Menurut Kemeny (1959) dalam
Suriasumantri (1981) seorang ilmuwan menggunakan model matematis terutama
karena bahasa matematika merupakan suatu cara yang mudah dalam memformulasikan
hipotesis keilmuan. Cara ini memaksa ahli teori dalam berbagai ilmu untuk
merumuskan hipotesisnya dalam bentuk yang persis dan jelas. Juga hal ini akan
memaksa dia untuk menanggalkan dari masalah keilmuannya segenap perincian yang
tidak penting. Sekali model itu diformulasikan dalam bentuk yang abstrak maka
dia merupakan cabang dari matematika.
Sementara itu Wallis dan Roberts
(1962) dalam Suriasumantri (1981), melihat peranan Statistika dalam
tahap-tahap metode keilmuan.
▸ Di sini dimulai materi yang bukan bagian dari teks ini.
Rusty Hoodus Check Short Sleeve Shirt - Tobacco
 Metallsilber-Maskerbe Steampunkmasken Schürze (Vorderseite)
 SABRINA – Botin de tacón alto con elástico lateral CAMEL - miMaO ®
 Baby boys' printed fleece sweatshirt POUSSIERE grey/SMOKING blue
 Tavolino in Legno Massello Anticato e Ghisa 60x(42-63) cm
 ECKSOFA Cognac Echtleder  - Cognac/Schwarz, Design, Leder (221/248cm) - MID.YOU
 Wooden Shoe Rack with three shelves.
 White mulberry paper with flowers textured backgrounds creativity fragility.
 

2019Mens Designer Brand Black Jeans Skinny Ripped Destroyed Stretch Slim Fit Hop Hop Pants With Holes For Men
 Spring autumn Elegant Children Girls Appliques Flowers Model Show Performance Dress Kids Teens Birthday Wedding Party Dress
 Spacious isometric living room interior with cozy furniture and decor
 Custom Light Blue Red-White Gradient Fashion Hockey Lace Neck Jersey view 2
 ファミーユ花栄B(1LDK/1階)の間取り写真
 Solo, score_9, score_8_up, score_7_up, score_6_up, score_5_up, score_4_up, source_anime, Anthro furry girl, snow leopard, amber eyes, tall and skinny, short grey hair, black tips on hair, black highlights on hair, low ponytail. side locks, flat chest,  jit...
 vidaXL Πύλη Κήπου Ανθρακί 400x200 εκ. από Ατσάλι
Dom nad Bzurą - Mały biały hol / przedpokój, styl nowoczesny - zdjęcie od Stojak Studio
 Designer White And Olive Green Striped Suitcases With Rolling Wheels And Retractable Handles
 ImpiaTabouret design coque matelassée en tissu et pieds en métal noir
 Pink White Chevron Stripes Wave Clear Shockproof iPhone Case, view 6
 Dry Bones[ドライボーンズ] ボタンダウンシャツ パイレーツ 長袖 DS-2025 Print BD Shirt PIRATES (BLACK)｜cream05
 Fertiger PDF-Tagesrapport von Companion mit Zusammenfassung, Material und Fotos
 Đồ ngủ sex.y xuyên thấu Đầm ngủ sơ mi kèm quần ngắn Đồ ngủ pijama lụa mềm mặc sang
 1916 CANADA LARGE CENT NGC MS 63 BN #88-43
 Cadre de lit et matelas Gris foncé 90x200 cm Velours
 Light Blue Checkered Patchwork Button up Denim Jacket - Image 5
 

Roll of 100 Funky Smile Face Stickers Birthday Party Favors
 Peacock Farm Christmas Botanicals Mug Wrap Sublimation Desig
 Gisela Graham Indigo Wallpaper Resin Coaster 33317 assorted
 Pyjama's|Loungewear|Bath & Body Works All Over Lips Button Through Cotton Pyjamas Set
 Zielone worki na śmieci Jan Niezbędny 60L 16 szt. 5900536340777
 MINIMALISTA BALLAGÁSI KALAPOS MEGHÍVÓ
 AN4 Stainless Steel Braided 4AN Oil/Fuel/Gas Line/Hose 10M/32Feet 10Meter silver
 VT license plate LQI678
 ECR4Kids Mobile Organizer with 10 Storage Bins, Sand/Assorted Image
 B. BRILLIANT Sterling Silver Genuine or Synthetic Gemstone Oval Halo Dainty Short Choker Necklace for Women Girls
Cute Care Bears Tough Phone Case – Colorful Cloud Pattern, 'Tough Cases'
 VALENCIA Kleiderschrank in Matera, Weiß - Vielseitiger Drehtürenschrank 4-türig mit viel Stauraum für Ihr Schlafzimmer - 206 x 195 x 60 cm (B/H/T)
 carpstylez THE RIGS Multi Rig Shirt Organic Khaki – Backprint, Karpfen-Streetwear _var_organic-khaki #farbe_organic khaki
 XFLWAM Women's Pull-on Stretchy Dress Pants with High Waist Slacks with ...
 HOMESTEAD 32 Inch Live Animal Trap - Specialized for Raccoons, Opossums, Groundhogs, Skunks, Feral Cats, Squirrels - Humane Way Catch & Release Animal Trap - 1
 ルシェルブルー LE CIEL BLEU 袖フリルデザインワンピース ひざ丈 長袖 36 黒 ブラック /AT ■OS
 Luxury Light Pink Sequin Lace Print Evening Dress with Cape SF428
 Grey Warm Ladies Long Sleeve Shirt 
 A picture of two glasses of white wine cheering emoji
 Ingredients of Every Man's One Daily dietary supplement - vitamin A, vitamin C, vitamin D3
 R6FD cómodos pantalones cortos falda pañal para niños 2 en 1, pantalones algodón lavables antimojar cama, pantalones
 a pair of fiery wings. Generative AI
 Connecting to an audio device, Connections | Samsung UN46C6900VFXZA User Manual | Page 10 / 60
Menurut mereka langkah-langkah yang lazim
dipergunakan dalam kegiatan keilmuan dapat dirinci sebagai berikut:
1. Observasi
2. Perumusan
hipotesis
3. Peramalan, dan
4. Pengujian kebenaran
Dalam kegiatan keilmuan peranan statistika adalah
penting dalam tahap pertama dan keempat, yakni observasi dan pengujian
kebenaran serta sampai batas tertentu juga penting dalam tahap kedua yakni
dalam merumuskan hipotesis. Metode yang paling penting dalam tahap kedua adalah
intuisi, pemahaman, imajinasi, dan kecerdikan.
Statistika
adalah berguna dalam tahap pertama, observasi , karena statistika dapat
menyarankan mengenai apa yang harus diobservasi untuk menarik manfaat yang
maksimal serta bagaimana caranya menafsirkan hasil observasi tersebut.
Dalam tahap kedua, statistika menolong kita dalam
mengklasifikasikan, mengikhtisarkan dan menyajikan hasil observasi dalam bentuk
yang dapat dipahami dan memudahkan kita dalam mengembangkan hipotesis.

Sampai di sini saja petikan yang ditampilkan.